O.J. Simpson took the stand this week with the hopes of getting a new trial. He reportedly begged the judge to grant him a new trial over his 2007 armed robbery case. Why? He claims his former attorney Yale Galanter provided him bad counsel.
Silly goose. O.J. seems to be operating under the unfortunate impression that his conviction of armed robbery and other charges and the 33-year prison sentence that came with it is actually about that particular incident. Everyone knows they put him in prison over that other charge from the 1990’s. Like, revenge is theirs, Mr. Simpson, and I don’t see it for you getting out anytime soon.
But you know, keep hope alive. Or something.
More from TMZ:
O.J. has claimed Galanter knew about his plan to retrieve the memorabilia from the 2 memorabilia collectors … and advised O.J. not to take the stand in his defense so he wouldn’t name Galanter as a witness.

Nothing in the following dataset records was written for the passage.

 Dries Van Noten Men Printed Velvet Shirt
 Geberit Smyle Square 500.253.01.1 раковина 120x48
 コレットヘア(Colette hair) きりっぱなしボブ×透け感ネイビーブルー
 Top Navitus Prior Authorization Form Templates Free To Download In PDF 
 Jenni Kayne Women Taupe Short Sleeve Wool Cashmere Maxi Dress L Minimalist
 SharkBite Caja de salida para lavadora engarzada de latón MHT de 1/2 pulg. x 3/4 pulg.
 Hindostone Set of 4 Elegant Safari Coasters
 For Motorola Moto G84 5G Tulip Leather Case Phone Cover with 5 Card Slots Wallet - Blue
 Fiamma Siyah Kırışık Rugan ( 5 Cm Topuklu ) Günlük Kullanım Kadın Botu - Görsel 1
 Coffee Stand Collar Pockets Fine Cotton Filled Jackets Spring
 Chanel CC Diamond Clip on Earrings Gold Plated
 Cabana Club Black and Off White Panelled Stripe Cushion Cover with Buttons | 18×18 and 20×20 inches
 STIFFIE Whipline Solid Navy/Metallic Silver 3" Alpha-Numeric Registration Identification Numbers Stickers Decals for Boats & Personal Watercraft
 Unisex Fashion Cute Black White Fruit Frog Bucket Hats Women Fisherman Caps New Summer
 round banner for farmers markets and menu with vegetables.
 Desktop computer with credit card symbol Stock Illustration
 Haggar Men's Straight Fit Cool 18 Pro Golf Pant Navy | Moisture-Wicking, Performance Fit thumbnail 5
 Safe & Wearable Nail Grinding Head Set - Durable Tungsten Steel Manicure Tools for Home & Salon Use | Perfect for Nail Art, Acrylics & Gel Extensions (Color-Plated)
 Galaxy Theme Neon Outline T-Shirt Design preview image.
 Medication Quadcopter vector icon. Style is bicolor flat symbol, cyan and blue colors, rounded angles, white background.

During his testimony Wednesday (May 15), a relaxed-looking O.J. explained that Galanter also failed to keep him informed about a plea deal that would have gotten him out of prison in a few years … rather than 33. Had he known he stood a chance of being convicted, O.J. said he would have insisted on testifying … and definitely would have taken the plea deal if he knew about it. But O.J. said Galanter repeatedly assured him he would never be convicted.
As for the incident itself — O.J. admitted he’d been drinking beforehand … but he wasn’t “fall-down” drunk. He also said he had no knowledge that a gun was used in any way during the incident. O.J. said he believed he was legally entitled to do what he did at the time because he didn’t do anything his lawyer told him not to do — i.e. breaking in, or using force.
To prove Galanter was aware of the plan to retrieve the items from the hotel room, O.J. said Galanter had specifically requested one of the items for himself … an old suit.
Whatever. Need I remind y’all:
Simpson was famously grilled on the stand in the 1996 civil trial when he was found liable for killing Nicole Brown Simpson and Ron Goldman — but he’s never spoken under oath in a criminal case. This was a first.